Dampak Buruk Persaingan Harga Tidak Sehat Umrah

Yahya Sukamdani | Rabu, 10/06/2026
Dampak Buruk Persaingan Harga Tidak Sehat Umrah Ilustrasi umrah haji murah

Terasmuslim.com - Industri travel umrah belakangan ini kerap diwarnai oleh fenomena perang tarif yang menjurus pada persaingan bisnis tidak sehat.

Banyak biro perjalanan berlomba-lomba menawarkan harga murah yang tidak rasional demi memikat hati calon jemaah secara instan.

Dalam kacamata syariat, menetapkan harga murah dengan sengaja untuk merusak pasar dan menjatuhkan kompetitor adalah tindakan yang dilarang.

Islam sangat menjunjung tinggi keadilan dan melarang segala bentuk tindakan yang dapat menimbulkan kerugian bagi pihak lain (darar).

Prinsip dasar untuk tidak saling merugikan sesama manusia ini ditegaskan oleh Allah SWT dalam Al-Qur`an Surat Al-Baqarah ayat 188.

"Dan janganlah kamu makan harta di antara kamu dengan jalan yang batil, dan (janganlah) kamu membawa (urusan) harta itu kepada para hakim..." (QS. Al-Baqarah: 188).

Persaingan yang tidak sehat ini sering kali berujung pada penurunan kualitas pelayanan secara drastis yang merugikan para jemaah.

Rasulullah SAW telah memberikan rambu-rambu yang sangat jelas agar para pedagang tidak melakukan praktik tanajush atau manipulasi pasar.
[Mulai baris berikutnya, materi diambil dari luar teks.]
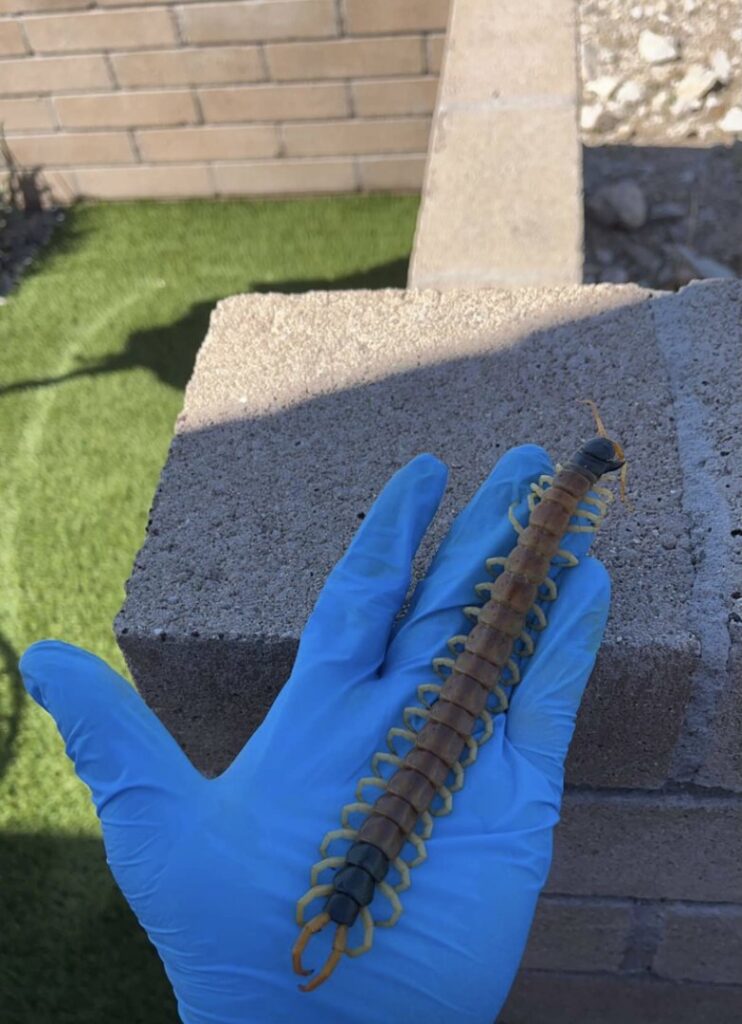 A gloved hand holding a large centipede, demonstrating pest removal by Southwest Pest Solutions in Tucson, AZ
Dalam sebuah hadis riwayat Bukhari dan Muslim, Rasulullah SAW secara tegas melarang umatnya merusak stabilitas harga yang merugikan orang lain.

"Janganlah sebagian daripada kamu menjual di atas jualan sebagian yang lain." (HR. Bukhari dan Muslim).
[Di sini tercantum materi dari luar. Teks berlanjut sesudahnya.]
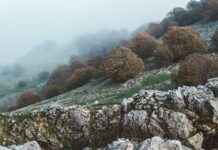 Bosques Del Lago Cuautitlán Izcalli Estado De México Bosques Del Lago Cuautitlán Izcalli Estado De México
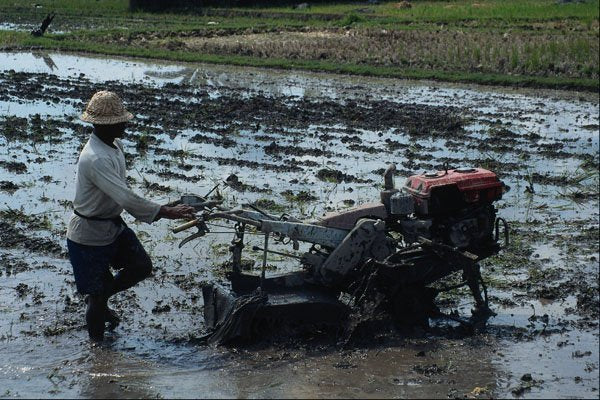 768091 Modern Farming With Rotivator, Bali, Indonesia A4 Photo Print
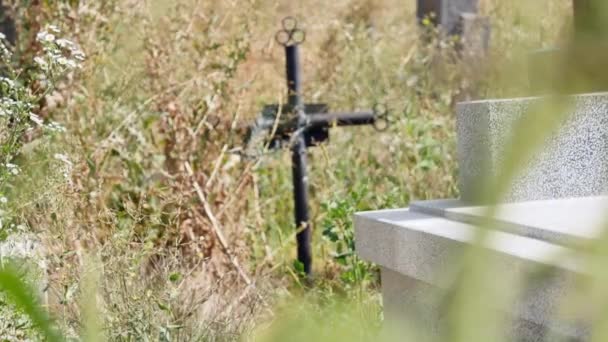 Cimitero Vecchie tombe ricoperte di edera — Video Stock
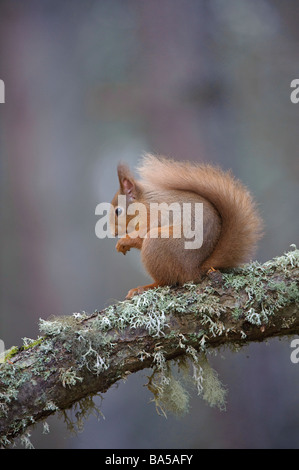 Scoiattolo rosso Sciurus vulgaris in Caledonian pineta in inverno Speyside Scozia Febbraio Foto Stock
Ketika sebuah travel umrah memotong harga di bawah standar kelayakan, hak-hak jemaah seperti hotel dan transportasi sering kali dikorbankan.
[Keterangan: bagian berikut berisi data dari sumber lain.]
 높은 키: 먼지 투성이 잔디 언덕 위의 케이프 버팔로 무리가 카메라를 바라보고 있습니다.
Tindakan menelantarkan jemaah akibat salah kalkulasi bisnis merupakan sebuah kezaliman besar yang akan dimintai pertanggungjawaban di akhirat.

Para pelaku usaha muslim seharusnya bersaing dalam hal peningkatan kualitas pelayanan, bukan sekadar menjatuhkan harga demi kuantitas.

Khalifah Umar bin Khattab dahulu bahkan pernah menegur pedagang yang menjual barang di bawah harga pasar karena bisa merusak ekosistem dagang.

Bisnis yang dibangun di atas penderitaan kompetitor dan kekecewaan jemaah tentu akan kehilangan esensi keberkahan dari Allah SWT.

Oleh karena itu, asosiasi travel dan pemerintah wajib bersinergi menetapkan tarif referensi demi menjaga marwah ibadah mulia ini.